Plum blossoms in Japan are stunning! If you plan a late April sakura vacation to Japan, consider the mid-February Ume Matsuri, the plum blossom festival. This Japanese event lets you avoid crowds and exorbitant prices. Hanami, the traditional flower viewing event, includes plum and cherry blossoms.
Ume blooms are white, pink, or deep red and are more fragrant than cherry blossoms. Plum blossoms bloom before cherry blossoms, signaling spring. The Ume Matsuri immerses visitors in Japanese culture with tea rituals and music performances.
Ume groves and plum blossom-adorned parks and temples can also be peaceful. Plum blossoms are less recognized than cherry blossoms, but they offer a different and magnificent experience worth considering when visiting Japan.
What are Plum Blossoms?
Surprisingly, hanami is a relatively modern phenomenon. During the Heian period (794-1185 CE), the cherry tree became accessible to everyday people.

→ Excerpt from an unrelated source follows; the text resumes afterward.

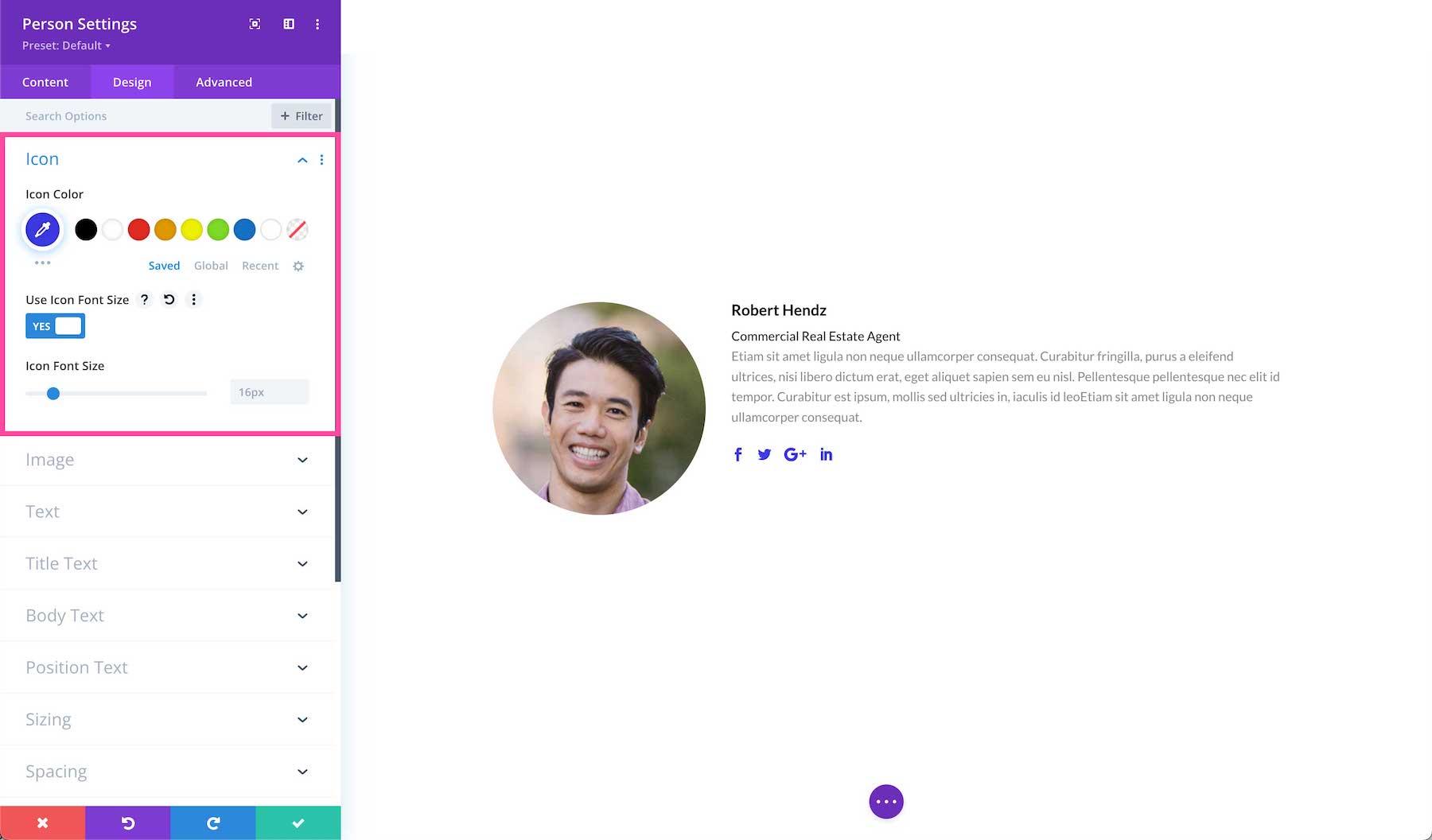 How to style the social media icons of the Divi Person Module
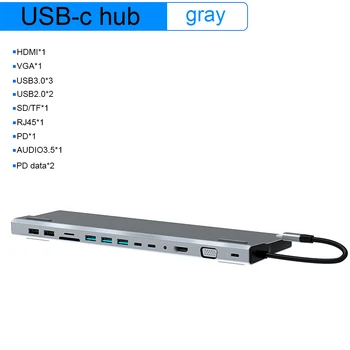 14 1 USB Tipo C Hub Nešiojamojo kompiuterio USB C Hub HDMI, VGA, RJ45 Multi-Card Reader 5Gbps Didelės Spartos Duomenų Perdavimo Splitter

Before this period, the coveted tree and its light pink flowers were a luxury. The nobility purposefully kept them exclusive; only the highest society members could access them.
That’s not to say the celebration of the blooming of seasonal flowers in Japan didn’t extend outside of the aristocratic class before the Heian period or the spread of the cherry tree. The blooming of the ume (plum blossom) tree signified the beginning of spring. China introduced these plum trees during the Nara period (710-784 CE). Afterward, their dark pink petals inspired ume matsuri (plum blossom festivals).
Not only do periods of history separate the celebrations of the two fruit-bearing trees, but also the time their flowers appear. The cherry tree blooms in late April, producing pastel pink flowers extending in clusters off the tree’s main branches.
The plum tree’s dark pink flowers form in independent sections directly on the branch and begin to appear as early as February. For that reason, plum blossoms represent the onset of spring and, more poetically, hope and perseverance amidst hardship.
This symbolism is treated as something akin to reverential, playing an integral role in early Japanese poetry and art. Before the adaption of the Gregorian calendar, the term ume represents the early spring period across traditional art forms such as haiku and poetry.
Of course, the significance of the plum blossom isn’t only a poetic expression. This imagery can also be found in traditional Japanese paintings, as a popular motif on kimonos, and even represents a whole suit in the 19th-century Japanese card game Hanafuda.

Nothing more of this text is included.